New American research has revealed that the time you take to reply to an email can impact your level of influence and even your perceived level of competence at work.

With nearly 207 billion emails to be sent by 2017, according to the technology-research firm Radicati, the goal for most recipients is to get their inbox to zero unread.

The majority (55%) of all email users admit that they don’t open and read messages regularly, whether business or personal. In 90% of cases, senders are likely to get a response the same day.

Half the replies to these emails are under 43 words, and the most common length was just five words long according to research from Yahoo Labs and the University of Southern California Information Sciences Institute.

A growing etiquette

The prevalence of email makes it the dominant work communication method, surpassing face-to-face or phone conversations for many office workers around the world – due to its reach, paper-trail and speed.

Now there is growing evidence that an etiquette has formed around the process of simply receiving and replying to an email – from the method of addressing the recipient to how quickly one should respond.

According to a new study from the University Of Virginia Darden School Of Business, if you are a low status employee you would be better to reply quickly; but, counterintuitively, if you are high status a late reply can give more weight to your feedback.

Professor Melissa C. Thomas-Hunt, and two of her peers from Cornell University, ran an experiment in which volunteers worked via instant messaging with an unknown partner, who was described as having lots of related experience (high status) or none (low status).

The volunteer rank-ordered a number of items, submitted his or her scheme to the partner and received back a standardised feedback message, either on time or with a delay.

The subsequent results found that low-status partners who submitted delayed feedback were ranked as less competent in their ability and role than they were pre-task, while high-status delayers were not only forgiven for the delay, they seemed to be held in greater esteem because of it.

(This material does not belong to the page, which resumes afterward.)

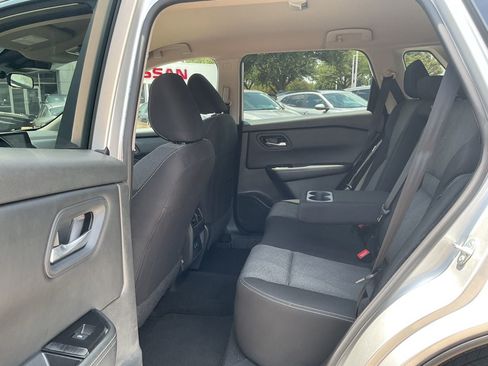 Used 2025 Nissan Rogue SV FWD image 12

“In any collaboration, you have people who are working simultaneously on other projects, juggling multiple priorities,” Thomas-Hunt says. “One person may want to move faster than another, and we wanted to see the impact on the person who is perceived as delaying.”

The study’s findings suggest interesting implications for office workers and their ability to effectively communicate ideas and feedback with colleagues, clients and suppliers in different locations and time zones, at a time when collaboration is vital for large and small businesses to maintain a competitive advantage.

Thomas-Hunt suggests a “delayed” response can be effective for senior managers of organisations.

“We saw in our work the phenomenon of, ‘I feel better when a person takes the time to review the material, even when they don’t adopt my ideas’,” she says. “This has huge implications for managers not to dismiss ideas out of hand.”

By contrast, however, she admitted that low-status individuals face greater risk of damaging their reputations and, potentially, career prospects by being perceived to be replying to messages slowly.

“Clarify timing expectations,” Thomas-Hunt advises. “Often group emails may be casual: “What does everyone think of the proposal?” without specific deadlines. Find out when leaders expect to make decisions.

“Pay attention to cultural norms, too. One deadline may be stated, but the reality is if you’re low-status, you don’t want to be the last to share your ideas. Being perceived as a delayer may hurt your ability to be influential in the future.”